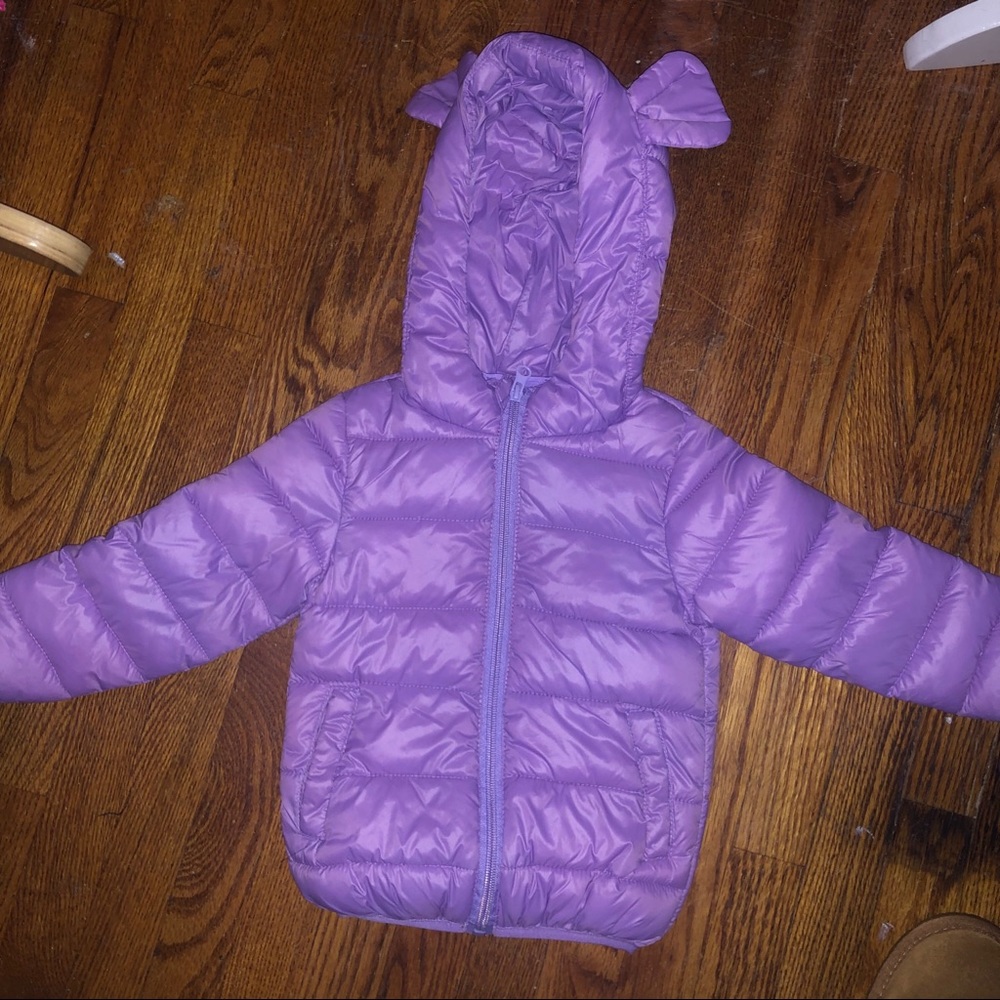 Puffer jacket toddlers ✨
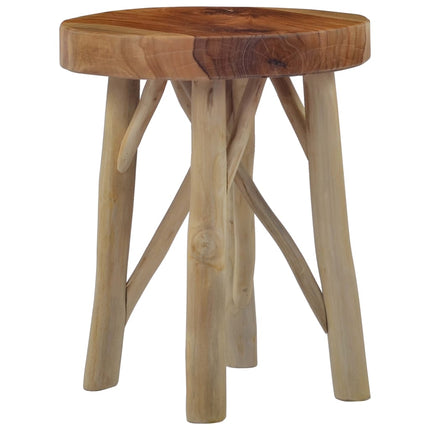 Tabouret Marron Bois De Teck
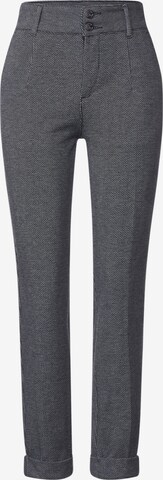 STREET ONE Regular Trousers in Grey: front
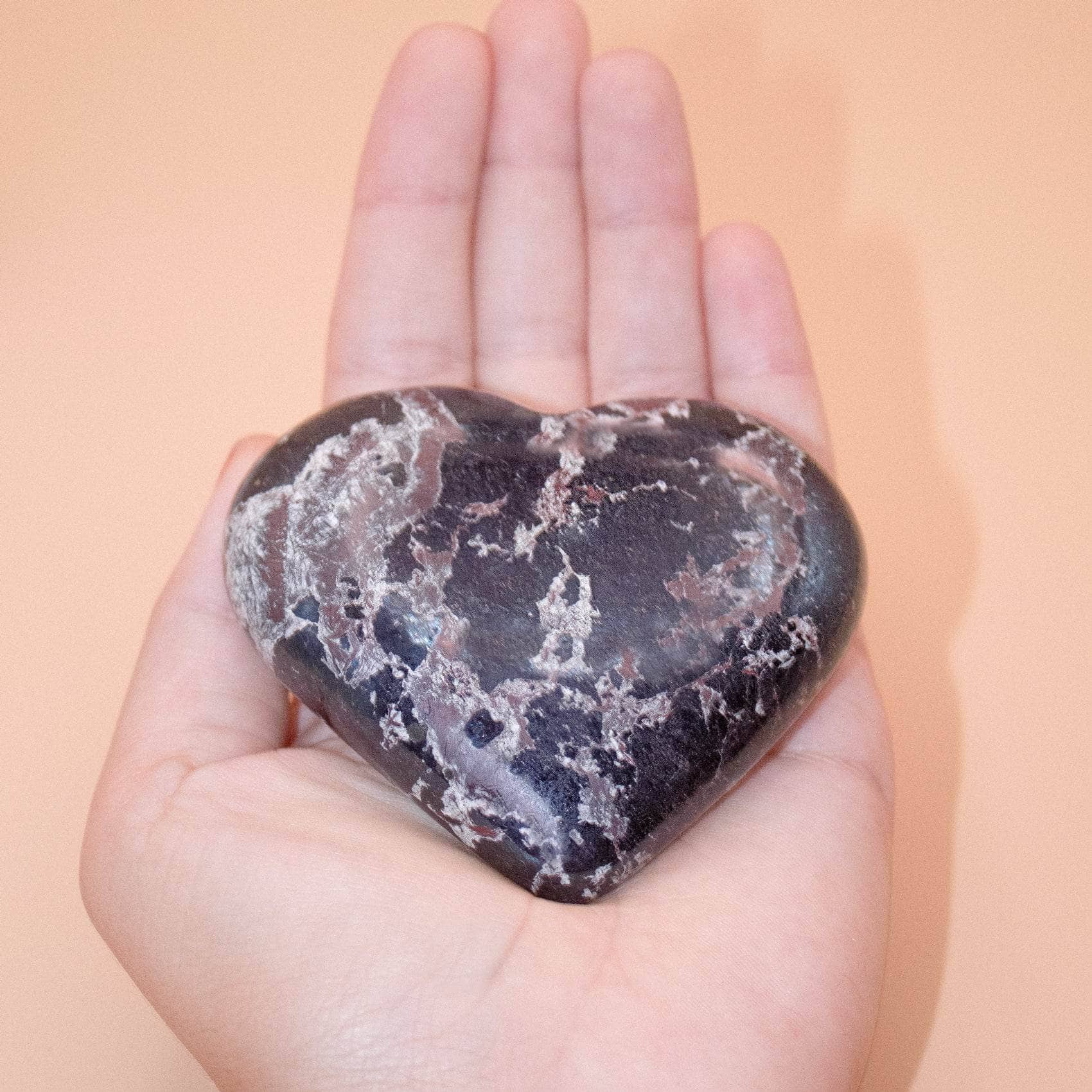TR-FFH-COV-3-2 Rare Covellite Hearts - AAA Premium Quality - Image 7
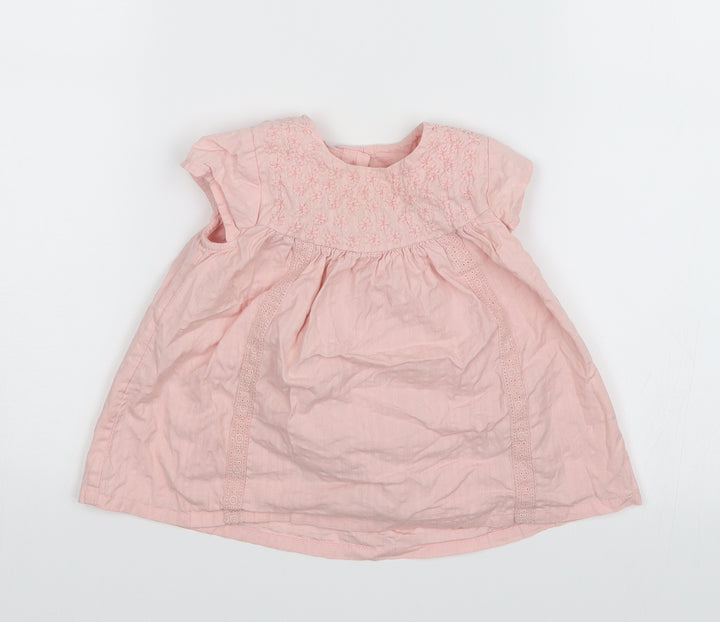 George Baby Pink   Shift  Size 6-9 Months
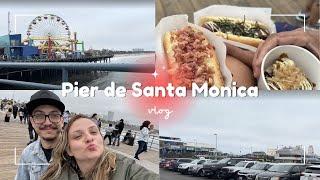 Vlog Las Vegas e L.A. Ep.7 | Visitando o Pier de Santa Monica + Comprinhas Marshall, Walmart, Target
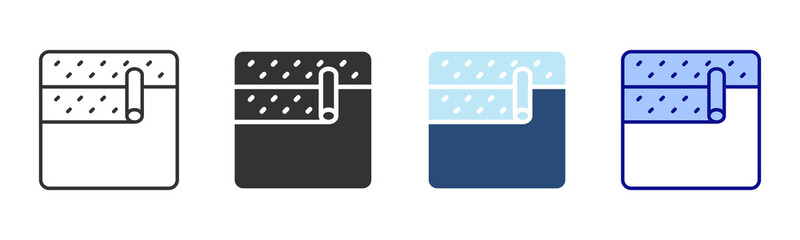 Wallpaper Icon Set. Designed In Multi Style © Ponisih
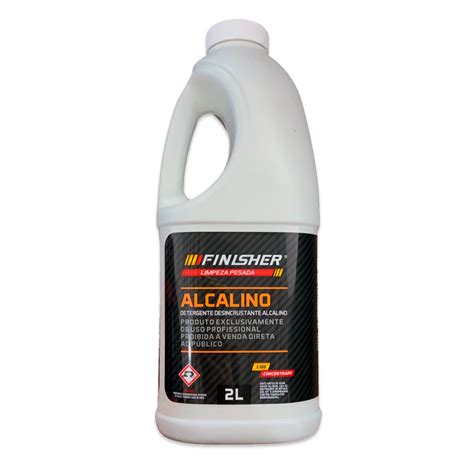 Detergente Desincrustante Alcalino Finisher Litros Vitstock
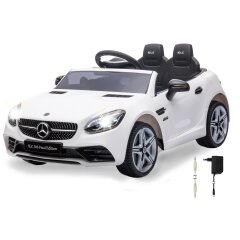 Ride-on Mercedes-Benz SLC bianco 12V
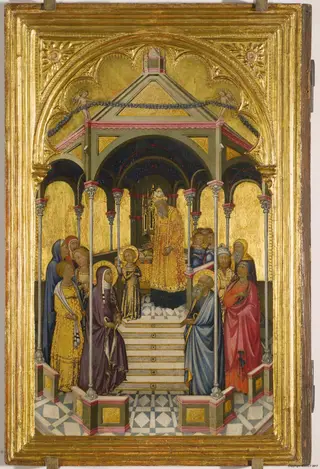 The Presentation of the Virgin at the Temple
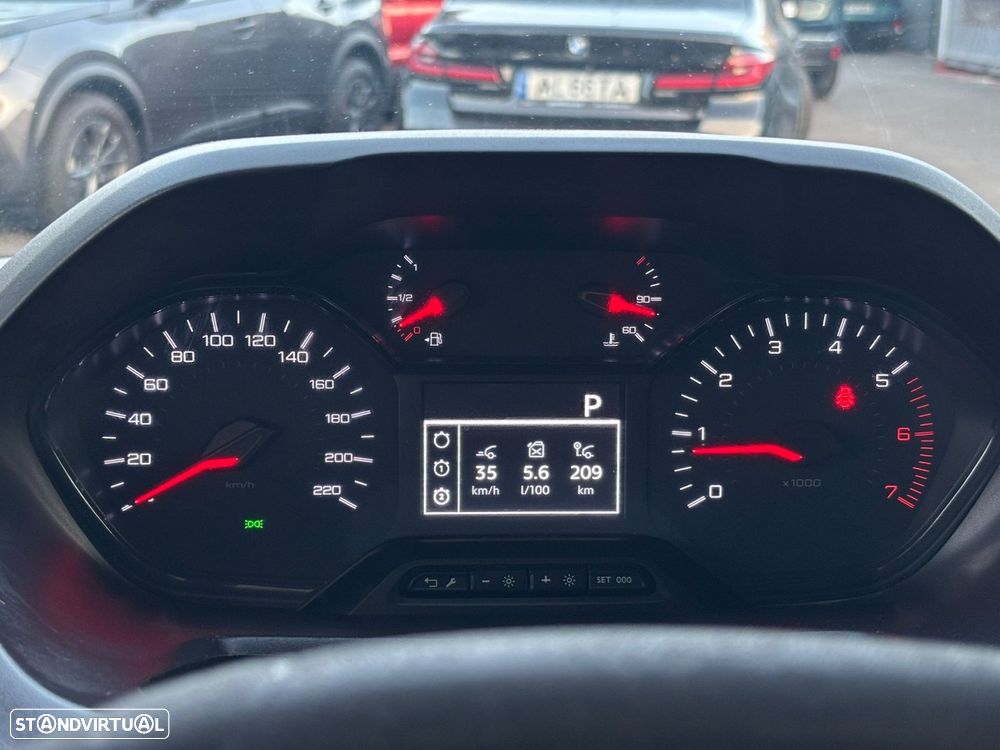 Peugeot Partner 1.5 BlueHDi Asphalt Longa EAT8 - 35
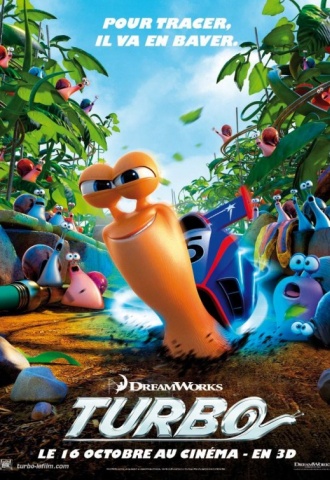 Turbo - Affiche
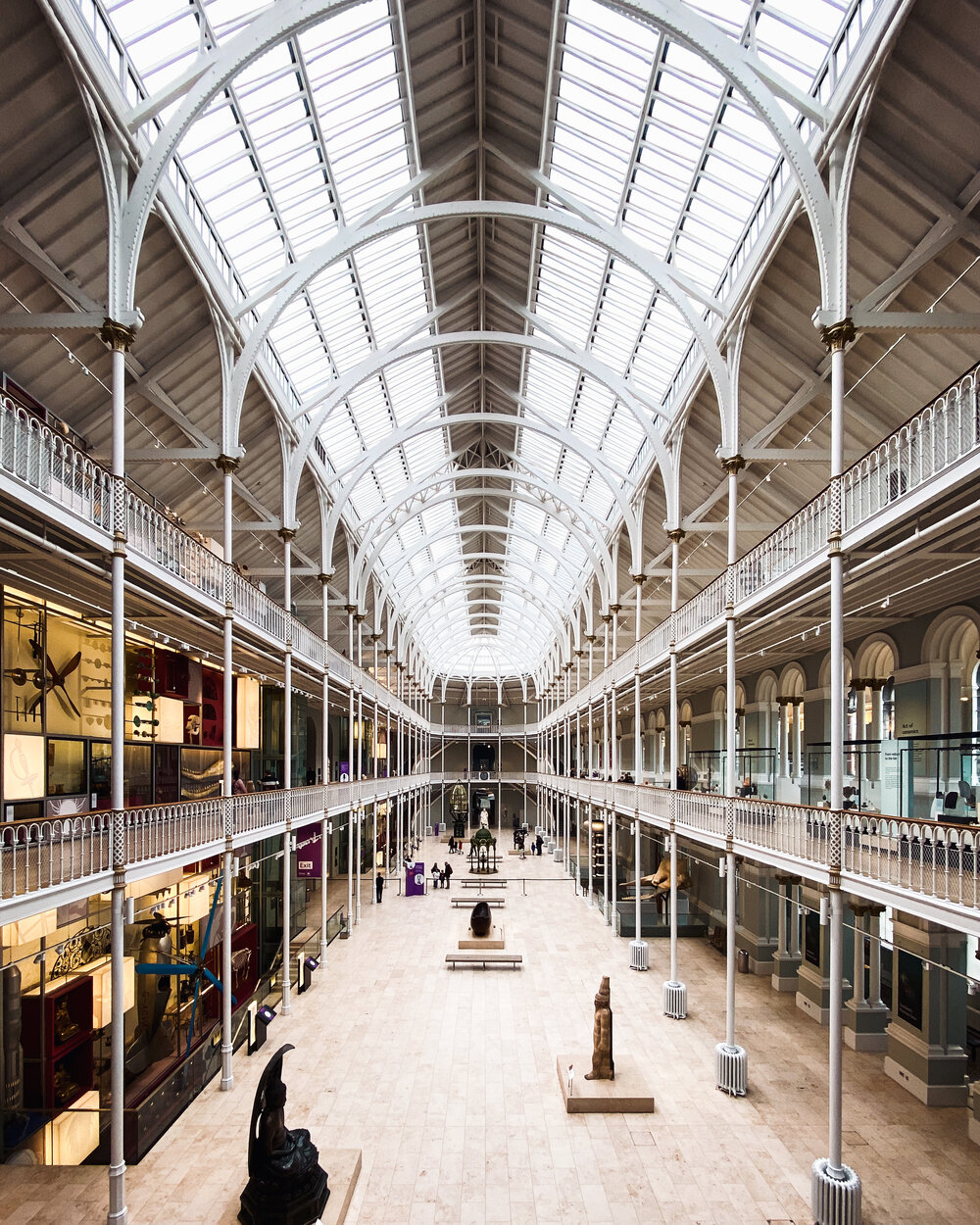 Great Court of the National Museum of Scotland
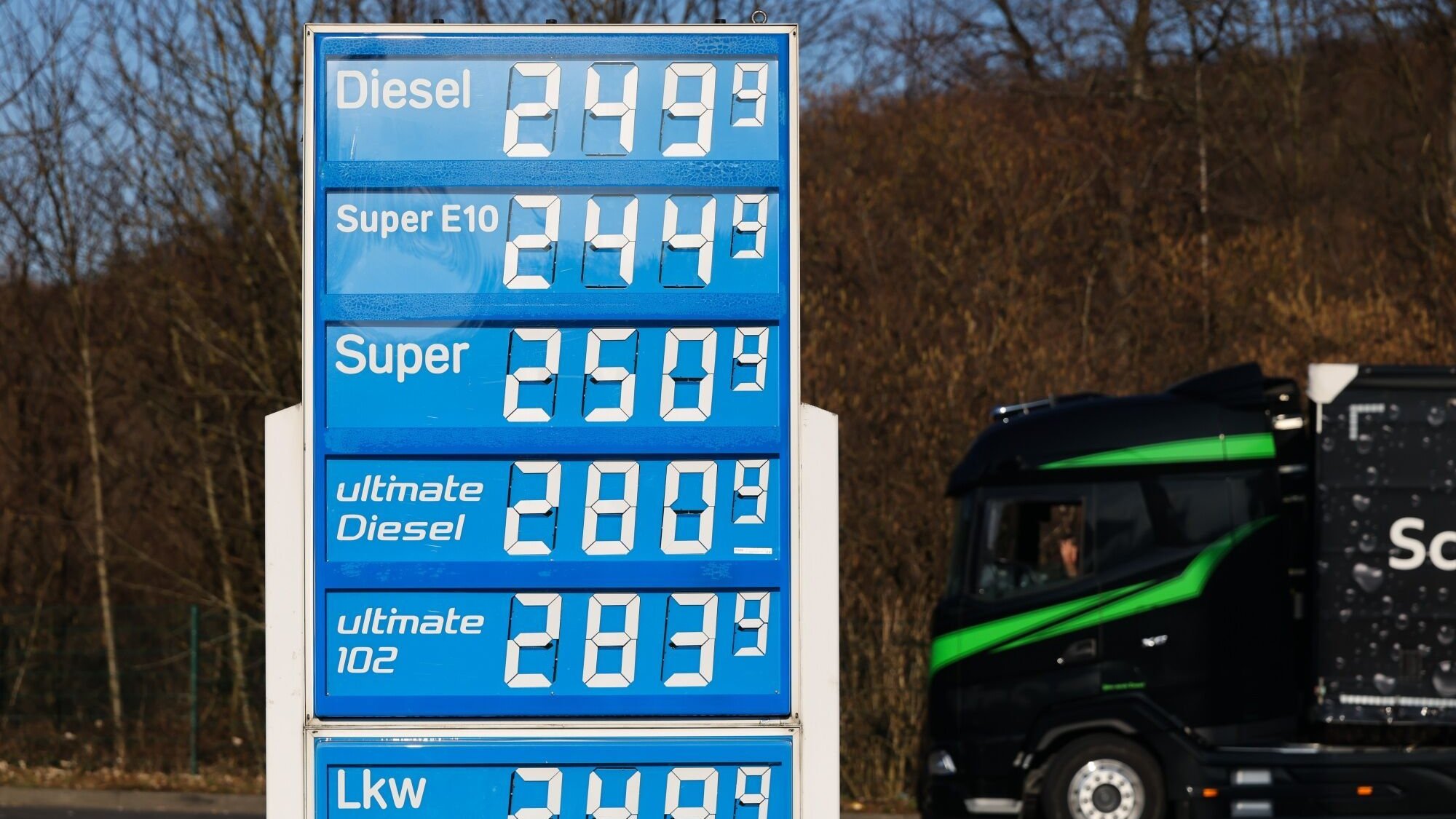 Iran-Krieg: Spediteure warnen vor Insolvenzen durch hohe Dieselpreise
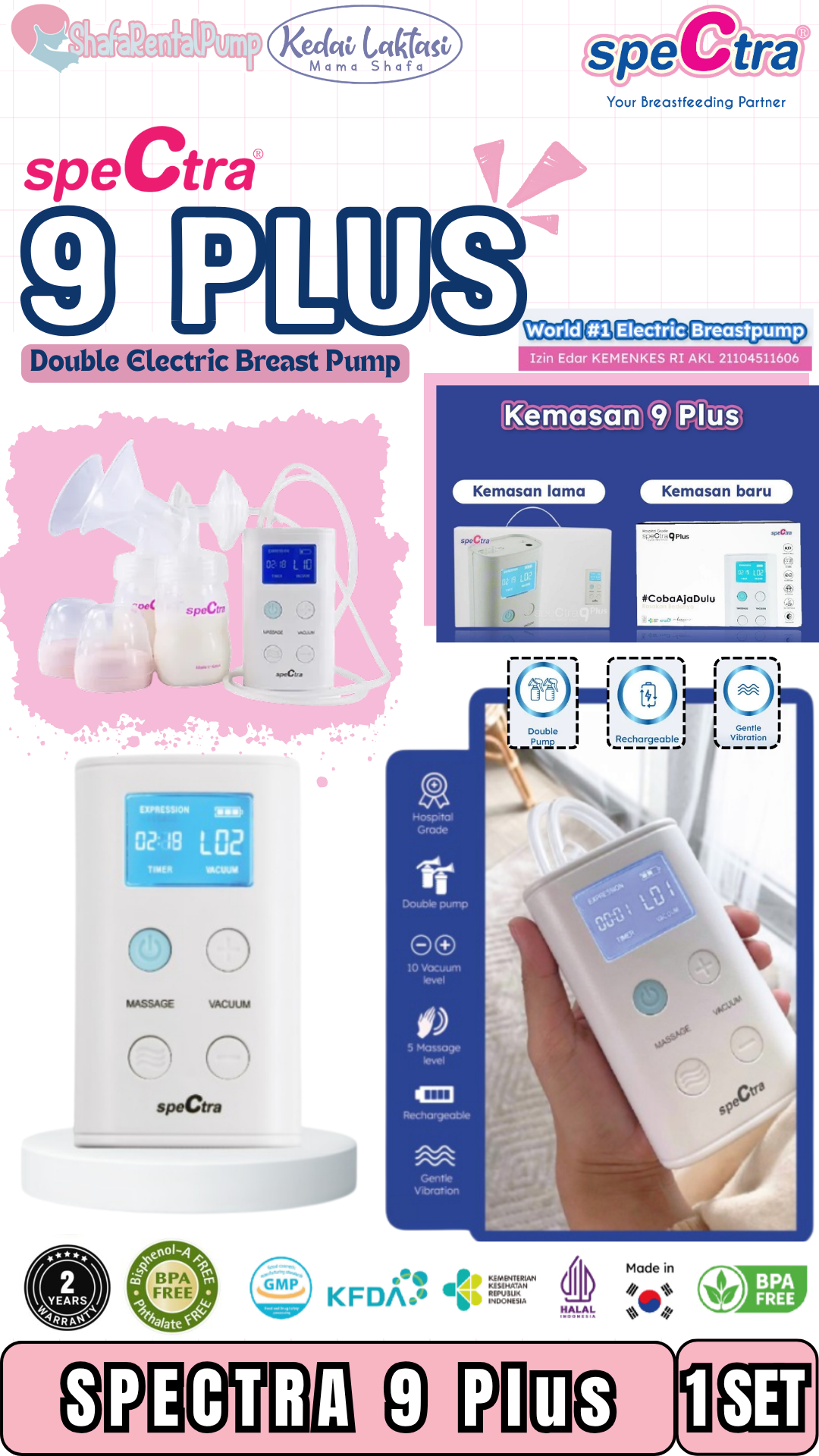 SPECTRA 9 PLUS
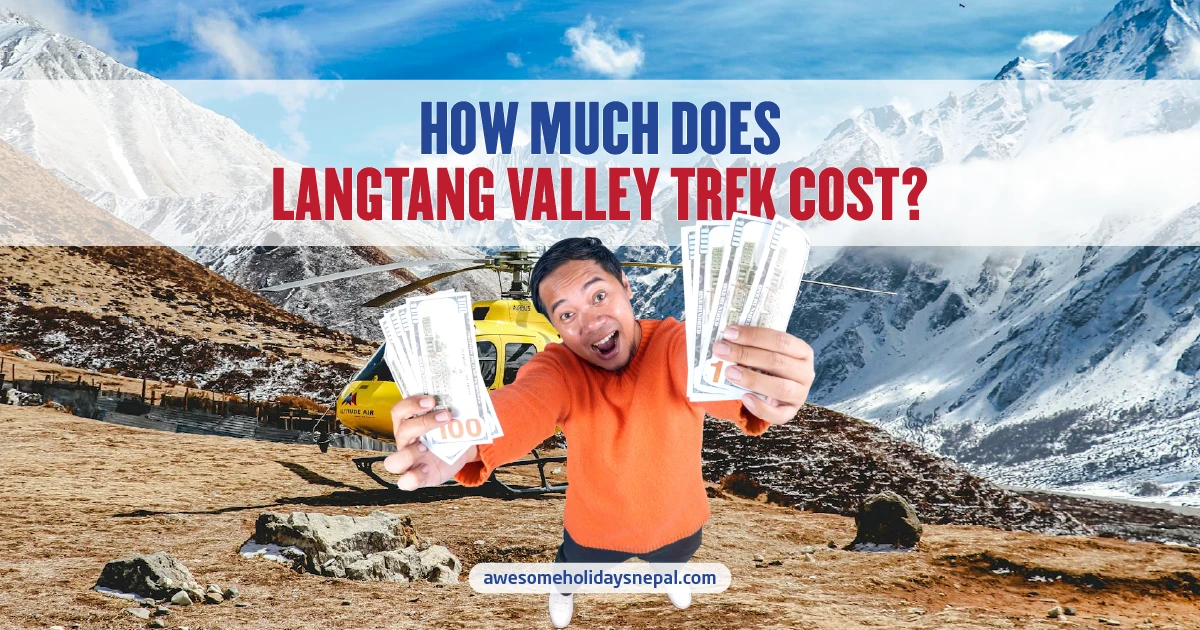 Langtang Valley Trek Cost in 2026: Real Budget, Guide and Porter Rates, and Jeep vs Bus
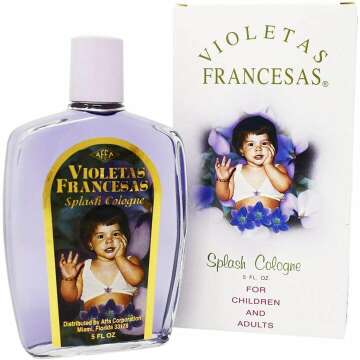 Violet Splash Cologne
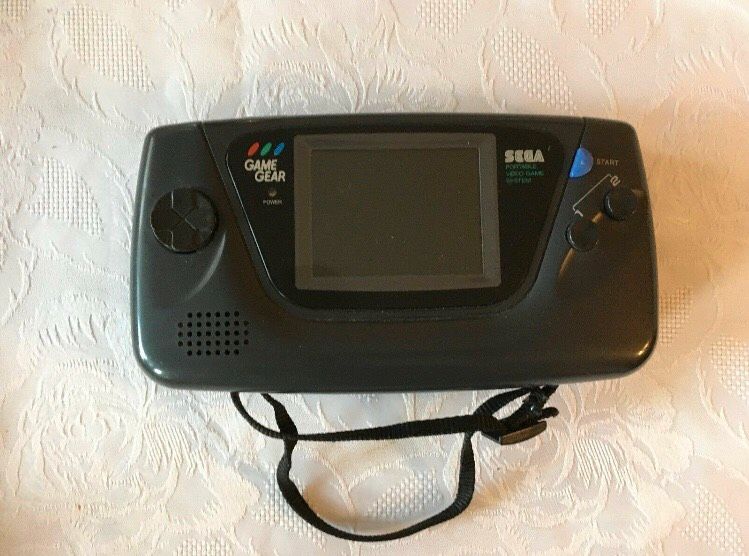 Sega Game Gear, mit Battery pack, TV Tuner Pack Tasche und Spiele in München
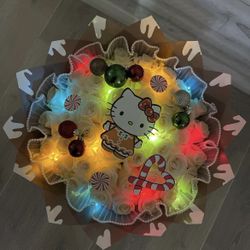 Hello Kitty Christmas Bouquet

■ **Exercise objective**
Having found the line with "Detergente Desincrustante Alcalino" and the line with "SPECTRA 9 PLUS" in the material above, write out exactly those two and every line between, leaving the pictures out.

■ **Solution below**
 Detergente Desincrustante Alcalino Finisher Litros Vitstock
 Ride-on Mercedes-Benz SLC bianco 12V
 The Presentation of the Virgin at the Temple
 Peugeot Partner 1.5 BlueHDi Asphalt Longa EAT8 - 35
 Turbo - Affiche
 Great Court of the National Museum of Scotland
 Iran-Krieg: Spediteure warnen vor Insolvenzen durch hohe Dieselpreise
 SPECTRA 9 PLUS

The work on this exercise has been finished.